I CONTI NON TORNA(VA)NO parte 18 ( per la parte 17 vedi 12 novembre )

18. Chi parla di scuole in questi giorni in queste stanze lo fa in modo arido, ignorando del tutto come esse funzionino, ignorando cosa abbiano saputo produrre ed in che modo lo hanno potuto fare. E questo devo dire che è un sostanziale primo elemento di sfiducia nei confronti di amministratori così impreparati ed insensibili. Non basta imparare l’ABC legislativo sulla scuola, non bastano quattro slogans ripetuti e conditi di “politichese” per conoscere come funziona una scuola e come essa si rapporta ad uno specifico territorio. Io non ho dubbi che il “Dagomari” sia capace di rapportarsi ad un territorio in una situazione diversa: ve lo dice uno che avrebbe voglia di cambiare scuola solo per un desiderio innato di cambiamento; ve lo dice uno che, fatta una esperienza, la accantona e ne coglie gli elementi positivi, rigettando quelli negativi. Io ho forti dubbi sulla volontà politica di far effettivamente crescere questa esperienza, e poi ve lo dimostrerò.

Si è parlato non meno di un anno fa di “Scuola Aperta”: andate a leggervi di cosa si tratta; si è fatto un gran parlare di appartenenza, di territorialità; si sono fatti progetti, si sono tenuti convegni su questo tema. E poi? In un battibaleno ci si dimentica di tutto e si condanna una scuola alla distruzione, irridendo chi oggi parla di appartenenza, di territorialità.

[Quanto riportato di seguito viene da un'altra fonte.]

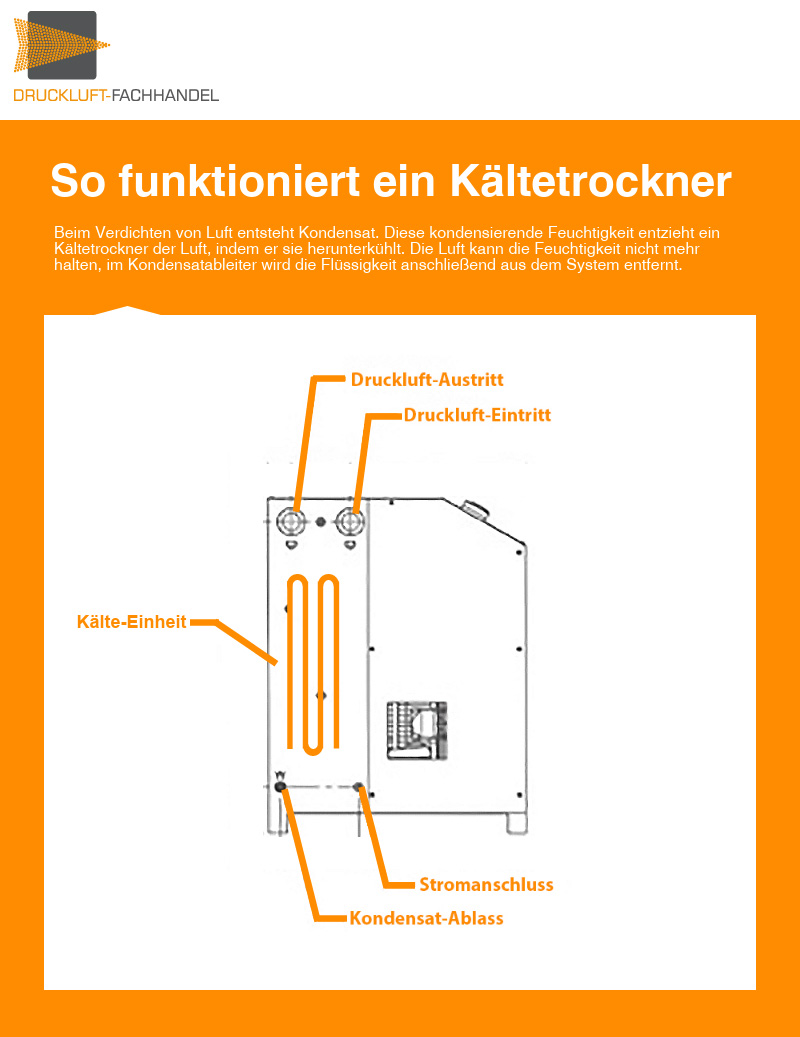 infografik-so-funktioniert-ein-kaltetrockner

Quella che è un’operazione ragionevole, necessaria, urgente da condurre a termine, cioè la soluzione del problema del “Copernico” finisce per essere realizzata a discapito di altri. Fra l’altro se questa operazione è davvero contrassegnata da onestà e chiarezza, fatemi dire allora che c’è anche della dabbenaggine e dell’ignoranza.
Vedete, questo atto rappresenta non solo la possibile soluzione di problemi annosi che Prato si porta dietro da tempo, ma dovrebbe consentire a questa città, a questa Provincia, di avere di fronte a sé il quadro completo della scuola degli anni Duemila, dei primi anni Duemila. E si comincia male, davvero male, perché la scelta di portare in una zona già fornita di quel servizio, in una sede fortemente inadeguata, una scuola come quella del “Dagomari” equivale praticamente a decretarne la fine. Non è un suggerimento, il mio, ma vi assicuro, se proprio lo volete sapere, che il “Dagomari”, gli fosse offerta la sede attuale del “Keynes”, ci andrebbe di corsa. Noi non facciamo un problema di zona; siamo di natura proletaria, non siamo aristocratici come altri. I problemi sono altrove. E non ci sogneremmo mai e poi mai di chiedere apertamente una sede occupata attualmente da altri; invece qualche altro in questa città non ha neanche avuto il buon gusto di stilare un documento nel quale si fosse avvertito minimamente un po’, non dico tanto, un po’ di imbarazzo. Niente di tutto questo, per carità. Noblesse oblige. Anzi si sono sentiti in dovere di fare ben altro. E’ un fatto lampante che l’attuale clima di tensione sia responsabilità degli amministratori per il modo in cui hanno condotto questa partita, ma anche di quel documento, che sarebbe stato molto meglio non aver fatto.